Challenging the assessment order being passed contrary to the provisions of the law, patently invalid, unjustified, illegal, arbitrary and bad in law - HELD THAT:- CIT(A) has legally erred in holding that issuance of notice under section 143(2) within statutory period is not required in the cases covered under section 153A of the Act. Thus, this ground of appeal is being decided in favour of the assessee and accordingly in the absence of issuance of notice u/S 143(2) within the statutory time limit, the assessment order is held void ab initio.
Assessment under section 144 is bad in law - enough opportunity has been granted to the assessee to defend its case, therefore the plea to annual the case on this aspect is dismissed. Further we are of the view that the averment made by the AO in proceeding under section 148 in the case of Shri Bharat Das Vaishnav is of no help to the assessee as these proceedings are separate proceedings. Thus, ground No. 3 is allowed.
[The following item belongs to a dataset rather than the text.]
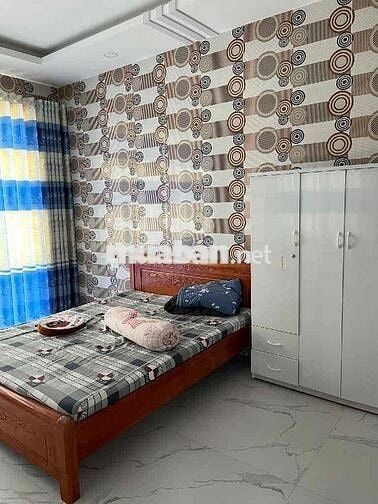 MT NGUYỄN PHÚC CHU, PHƯỜNG 15 TÂN BÌNH - NHÀ 2TẦNG - RẼ HƠN THỊ TRUONG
No adequate opportunity of being heard was provided during assessment - We found that the assessee during course of assessment proceedings attempted to comply with the various notices issued by the AOr, however, on account of group assessment certain details were filed, which were not found to be acceptable by the AO. Since application for additional evidences has been accepted by the CIT (Appeals), which is not challenged by the Department before us ground of appeal bearing No. 4 is dismissed.
Cash seized during the course of search at Sadar Bazar Branch of the assessee-bank - HELD THAT:- Without going into the merits of the addition we hereby set aside the order of the CIT (Appeals) as well as the AO and remand the issue back to the file of the Assessing Officer with the direction to adjudicate the issue on the merits after considering the evidences furnished by the assessee-bank.
Deduction under section 80P to the assessee-bank - HELD THAT:- CIT(Appeals) has correctly interpreted the provisions of section 80P for the benefit of the assessee engaged in the business of banking or providing credit facilities to its members - the assessee is engaged in the business of banking and holding banking licence and the said licence has not been revoked/cancelled, therefore, in the absence of any contrary evidence being put forth, we are of the view, the assessee-bank is eligible for deduction under section 80P
Addition on account of depreciation, repair and maintenance expenses - HELD THAT:- CIT (Appeals) has given a categorical finding regarding the verification of amounts of depreciation from the books and the available record. Department has not brought on record any material to dislodge the findings of the CIT(Appeals) allowing the claim of depreciation and other business expenditure, viz., repair and maintenance expenses to the assessee is upheld.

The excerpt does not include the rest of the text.